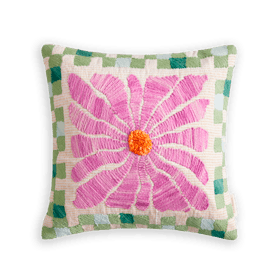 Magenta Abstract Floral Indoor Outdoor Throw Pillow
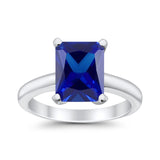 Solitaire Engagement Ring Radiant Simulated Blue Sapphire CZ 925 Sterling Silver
==
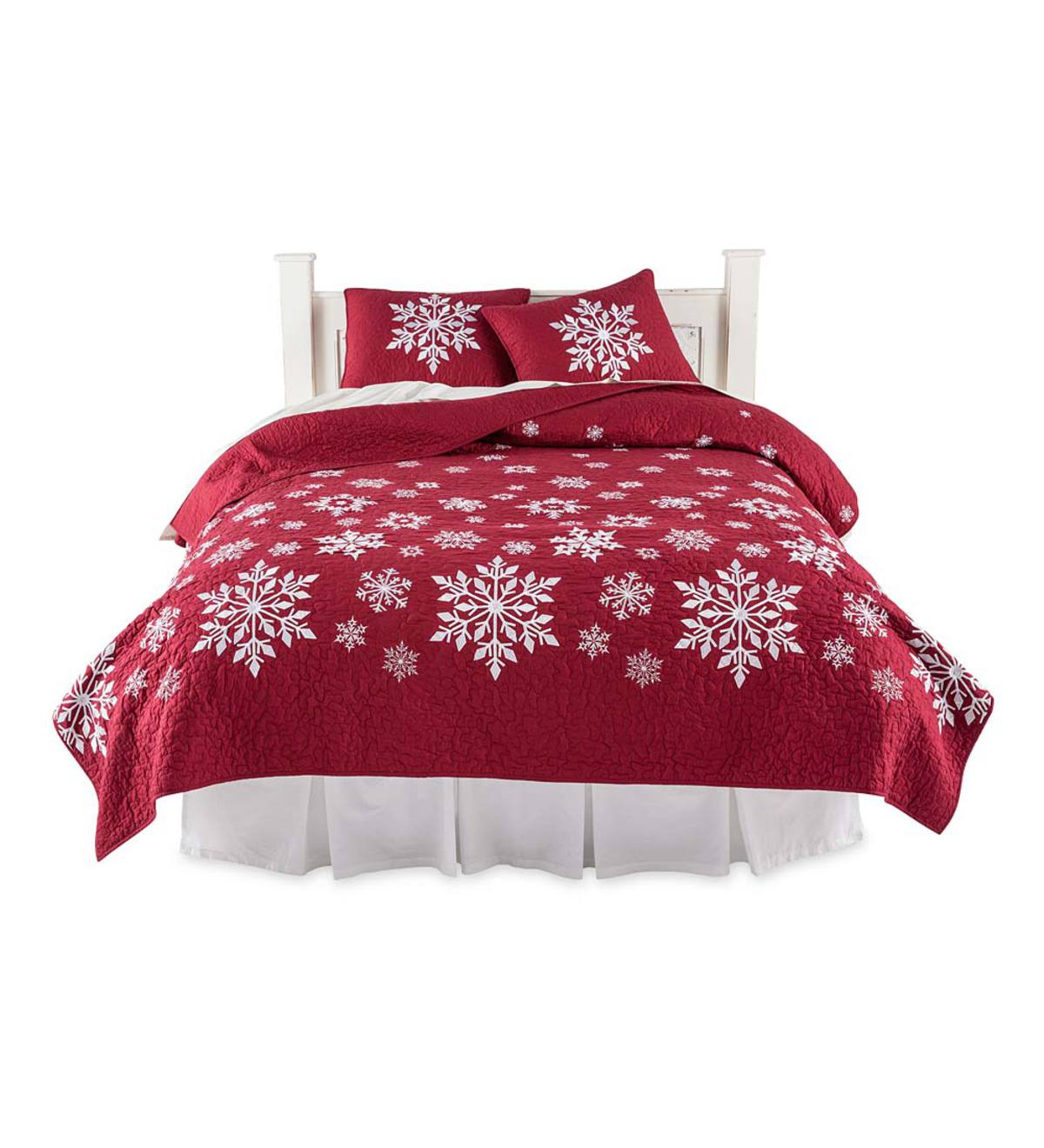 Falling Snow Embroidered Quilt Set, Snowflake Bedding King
* * *
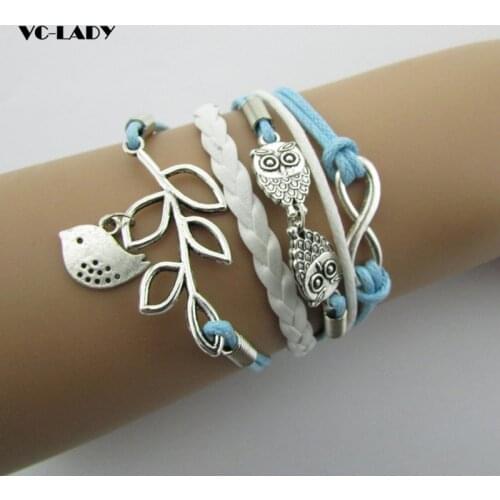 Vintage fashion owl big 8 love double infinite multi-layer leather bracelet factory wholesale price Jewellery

§ **ACTIVITY**: Would you set down only the lines above from the line with "Magenta Abstract Floral" to the line with "Solitaire Engagement Ring", both included, exactly as they stand and without the pictures?

§ **FINISHED TASK**:
 Magenta Abstract Floral Indoor Outdoor Throw Pillow
 Solitaire Engagement Ring Radiant Simulated Blue Sapphire CZ 925 Sterling Silver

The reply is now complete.